THE TASK: The copy should hold exactly the lines below from the one that contains "Robe mi-longue vert" through the one that contains "Mme. Simon-Girard, Brasseur, et" and nothing else, so no pictures.

EXTRACTED MATERIAL:
Content starts
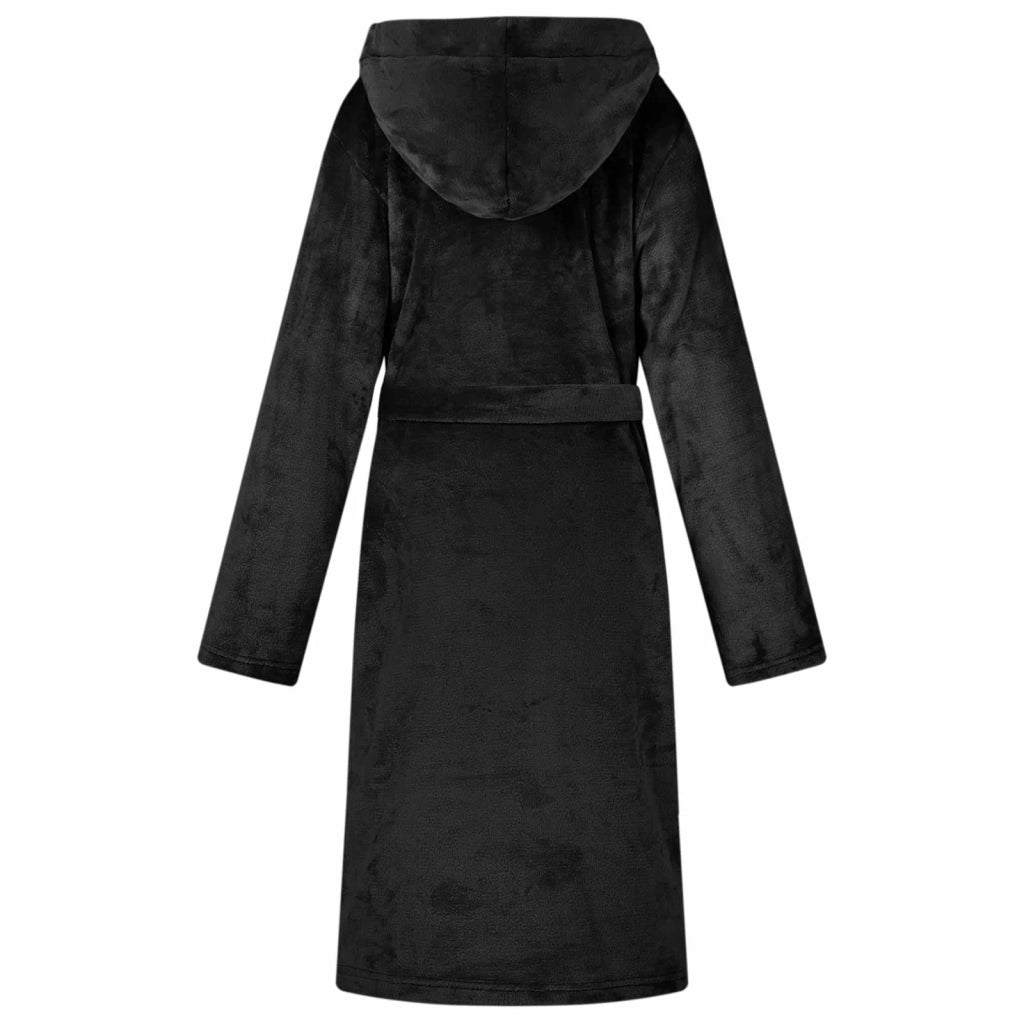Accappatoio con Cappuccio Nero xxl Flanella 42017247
Content ends
Content starts
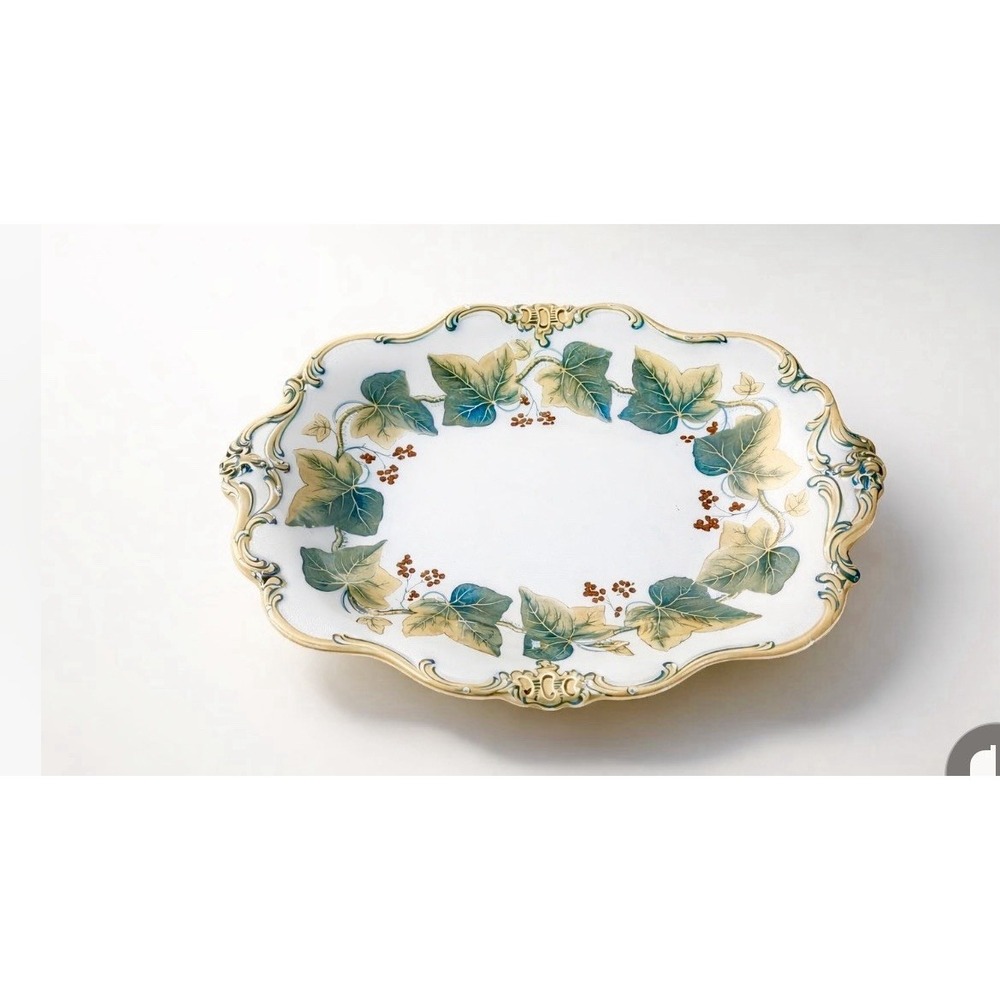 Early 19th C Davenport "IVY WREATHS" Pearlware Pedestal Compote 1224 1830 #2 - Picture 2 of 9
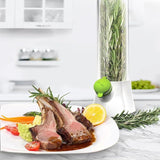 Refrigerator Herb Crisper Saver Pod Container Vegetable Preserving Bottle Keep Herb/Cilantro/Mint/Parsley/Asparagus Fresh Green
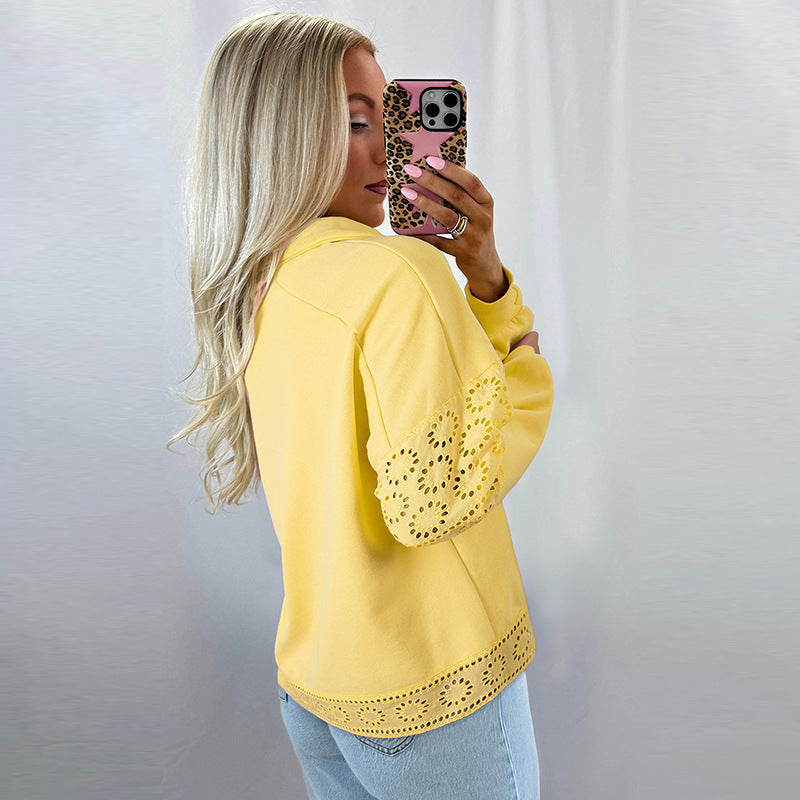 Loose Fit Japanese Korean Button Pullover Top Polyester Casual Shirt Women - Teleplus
Content ends
Content starts
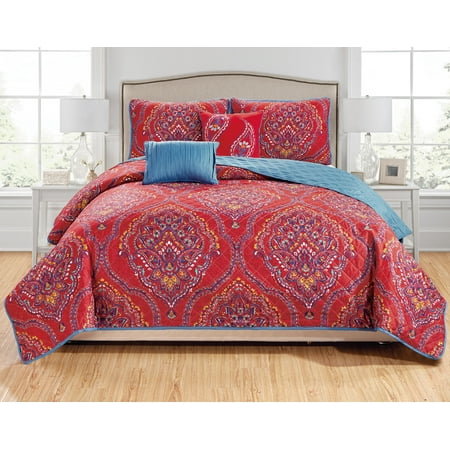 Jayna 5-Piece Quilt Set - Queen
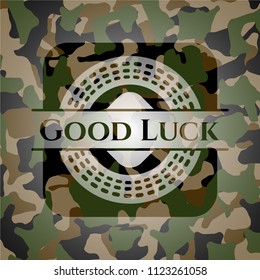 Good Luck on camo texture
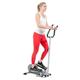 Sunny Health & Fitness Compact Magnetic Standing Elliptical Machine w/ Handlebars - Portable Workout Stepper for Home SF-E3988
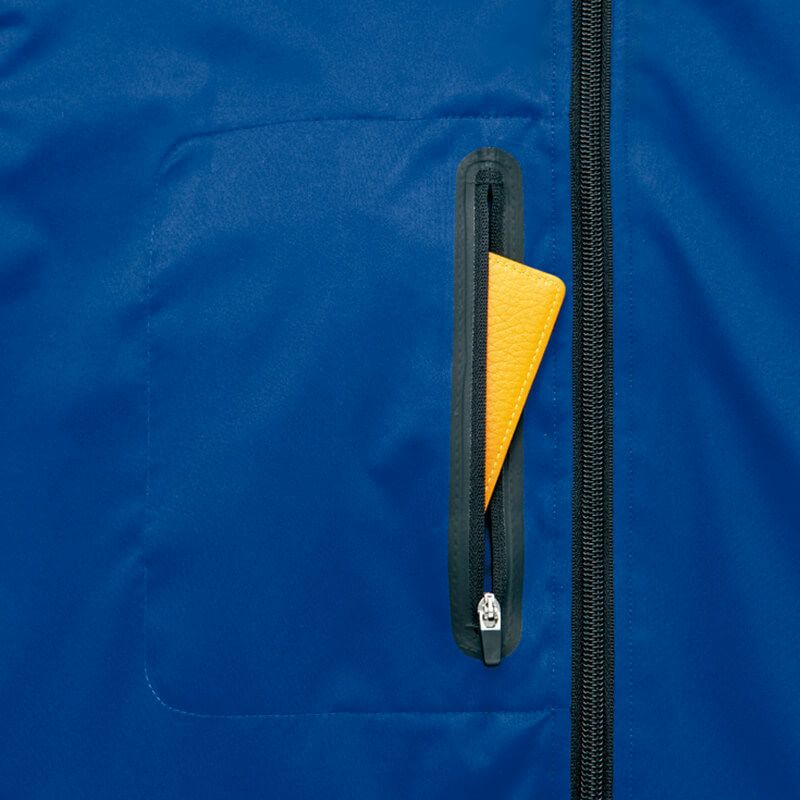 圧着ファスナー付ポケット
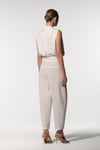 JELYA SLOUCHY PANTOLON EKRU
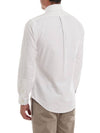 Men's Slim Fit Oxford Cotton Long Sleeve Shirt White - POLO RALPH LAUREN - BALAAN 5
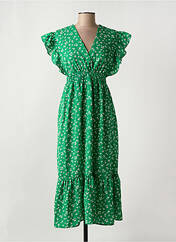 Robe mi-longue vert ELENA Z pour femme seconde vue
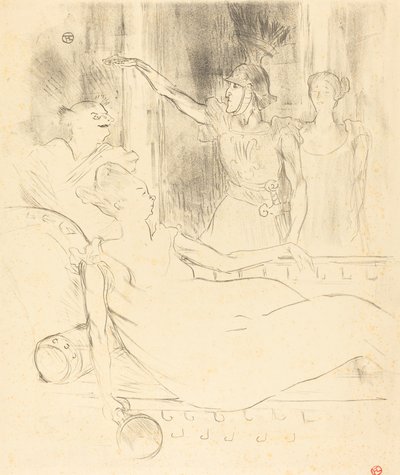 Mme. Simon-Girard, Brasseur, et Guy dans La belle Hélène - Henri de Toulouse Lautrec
Content ends
ANSWER SPACE:
 Robe mi-longue vert ELENA Z pour femme seconde vue
 Mme. Simon-Girard, Brasseur, et Guy dans La belle Hélène - Henri de Toulouse Lautrec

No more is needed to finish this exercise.